Nathain Jenkins, 32, of Valdosta, was shot in a Walgreens store late Friday night, according to the Cobb County police.
“I was on the phone with him. He FaceTimed me. He put me in his pocket,” friend Hayley Glaze told local news station 11 Alive. “Basically, the police had him cornered. They were yelling at him. He was yelling back my hands are up.
“This is uncalled for, especially if his hands were up. He stated his hands were up, and y’all still shot him," Glaze added. "There’s no way he could’ve reached for anything. He’s not like that. He’s not dumb.”
The Georgia Bureau of Investigation, which is now investigating the shooting at the request of local police, said in a statement Jenkins had “outstanding warrants” for unspecified crimes.
“During the ensuing altercation, the suspect, who was armed with a gun, was shot,” the Cobb County police said in a statement.
Darlland Jackson, Jenkins’ father, said the 32-year-old called him and said he was in some kind of unspecified trouble. Jackson said he was also on the phone with Jenkins, who had previously struggled with drug and psychological problems, during the shooting.
“Before you know it, I heard gunshots. So I drove around to this Starbucks right here and the cops were saying, ‘Get down! Get down! Get down!’ and stuff like that. Then I heard more shots, and I didn’t hear from him no more,” Jackson told local news station WSB-TV.

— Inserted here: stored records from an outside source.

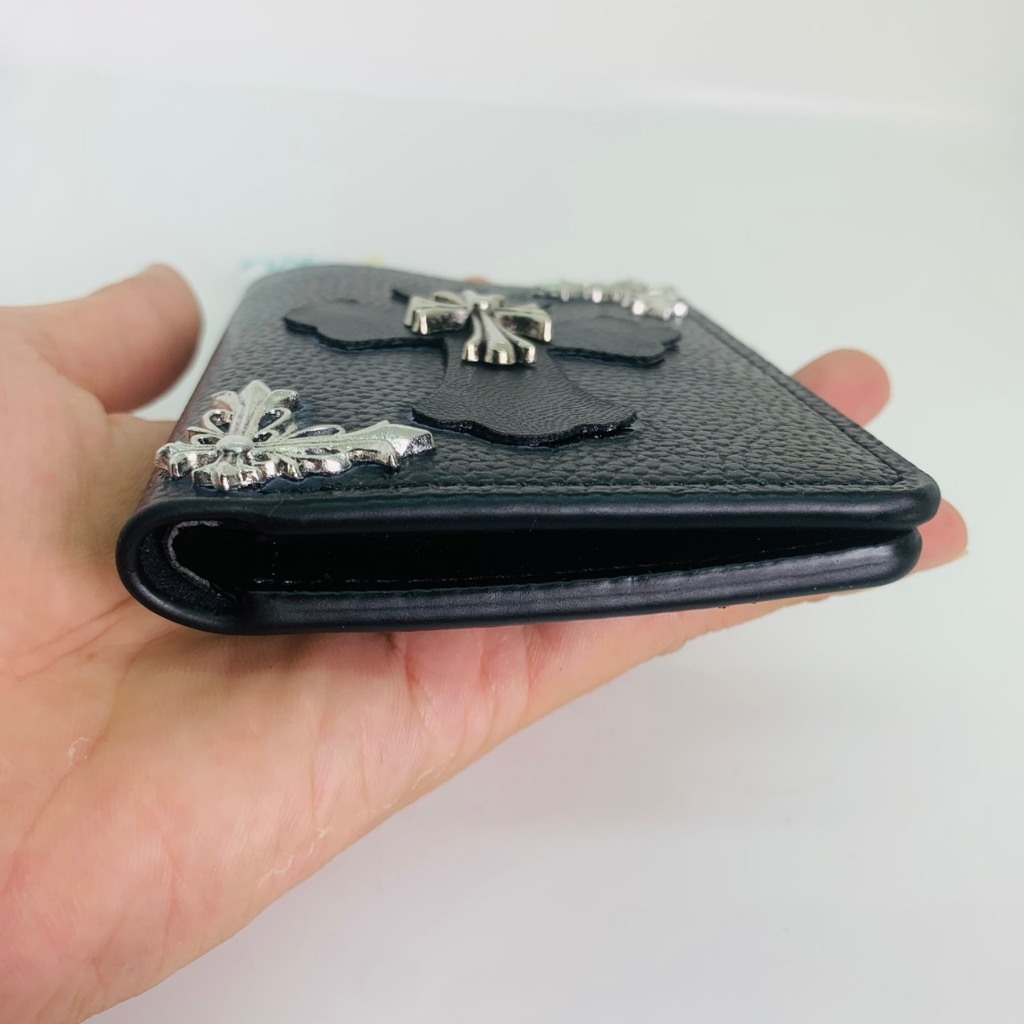 Ví đứng unisex Chrome Heart da PU cao cấp fullbox.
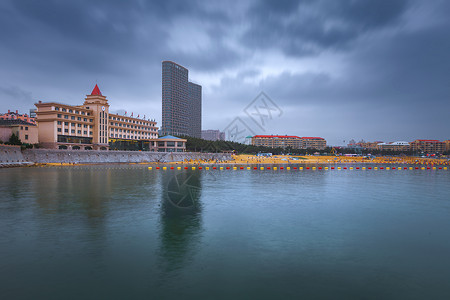 海滨城市威海高清图片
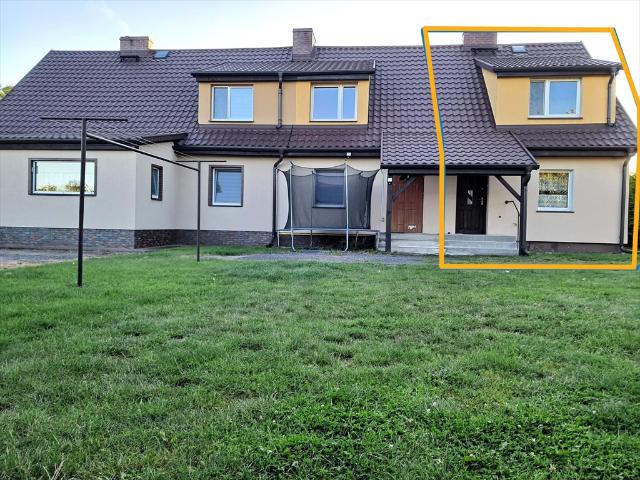 Skrajny dom 58,5 m² z ogródkiem bezczynszowy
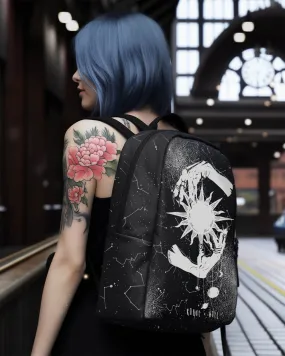 Starlight Goth Backpack - 20L Water Resistant Bag with pocket for Laptop for Work Travel Uni College & School Daypack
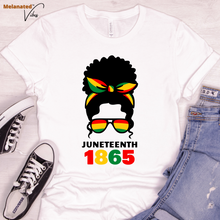 Load image into Gallery viewer, Juneteenth Black Woman Silhouette Unisex Tee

The Independent has contacted the Georgia Bureau of Investigation for more information.
On Saturday, friends and family of Jenkins, a father of five, gathered at the location of the shooting for a vigil.
Jackson said he still hasn’t heard from police about what happened.
"Nothing, nothing, nothing…you killed my son and now I got to wait here for you to talk to me?" he told Fox 5 Atlanta.
Since 2016, Cobb County police fatally shot 21 people, two-thirds of them Black and Hispanic, according to a Washington Post database, in an area with a more than 50 percent white population.